Directions:
This calls for a word-for-word copy of all the data, with each picture removed.

Dataset content:
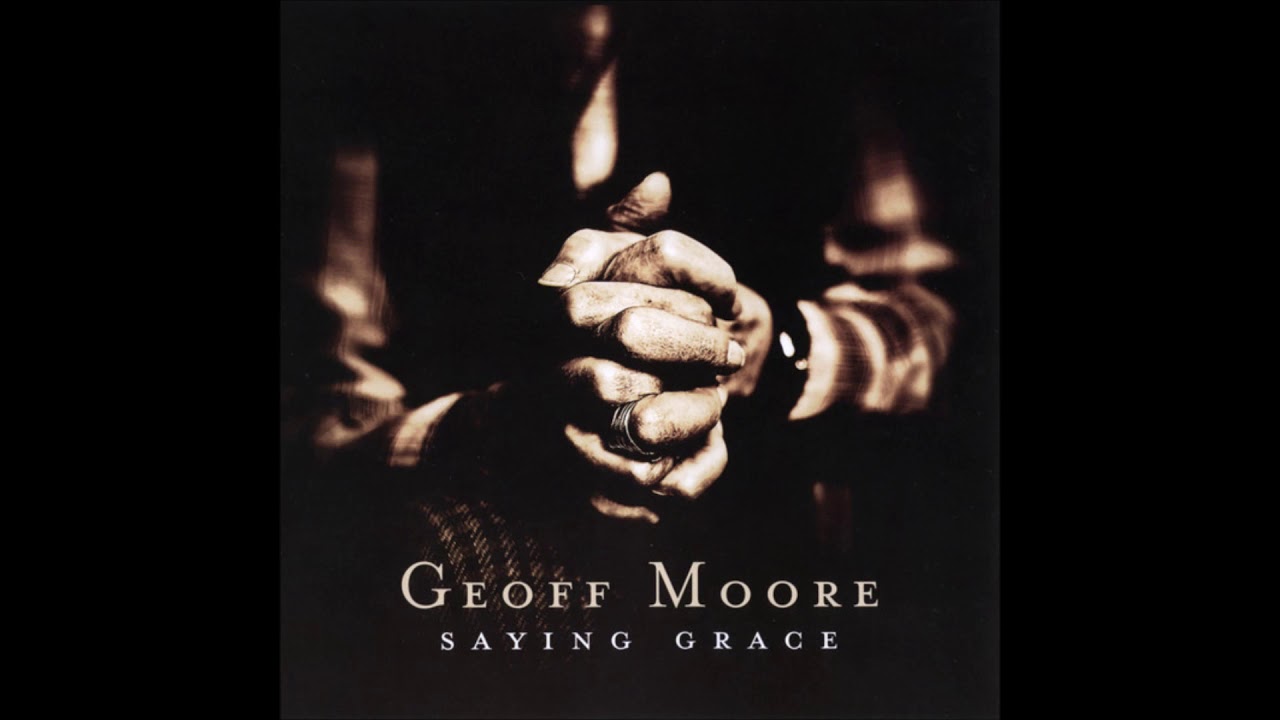 YouTube에서 Geoff Moore - I Believe 보기 YouTube에서 Geoff Moore - I Believe 보기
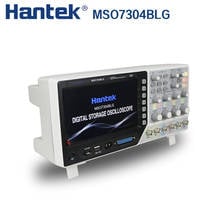 Hantek7304BLG osciloscopio de almacenamiento digital de señal mixta de cuatro canales de escritorio 2024 - compra barato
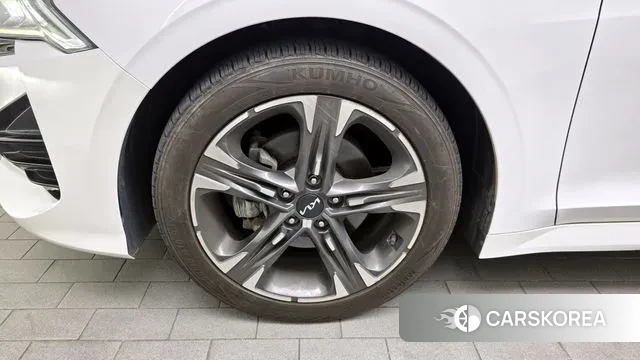 Kia K5 3rd generation id 3142576 из Кореи 15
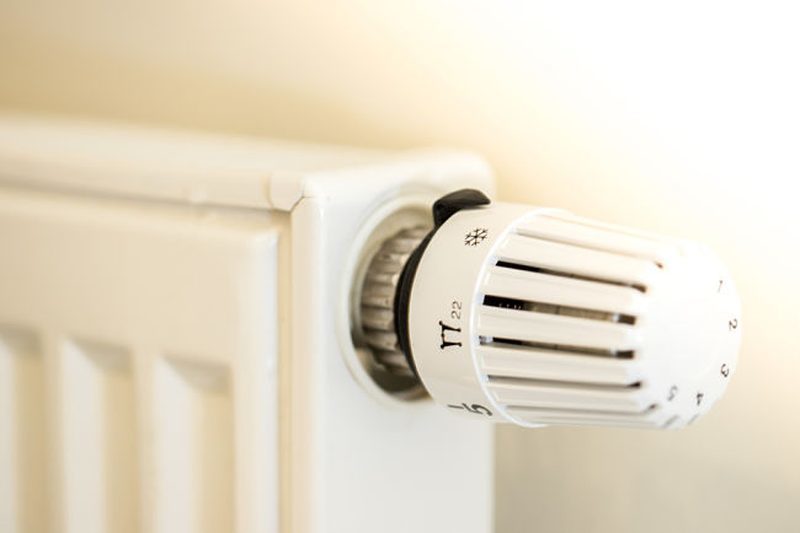4 tipy jak vybrat správný radiátor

Your response:
 YouTube에서 Geoff Moore - I Believe 보기 YouTube에서 Geoff Moore - I Believe 보기
 Hantek7304BLG osciloscopio de almacenamiento digital de señal mixta de cuatro canales de escritorio 2024 - compra barato
 Kia K5 3rd generation id 3142576 из Кореи 15
4 tipy jak vybrat správný radiátor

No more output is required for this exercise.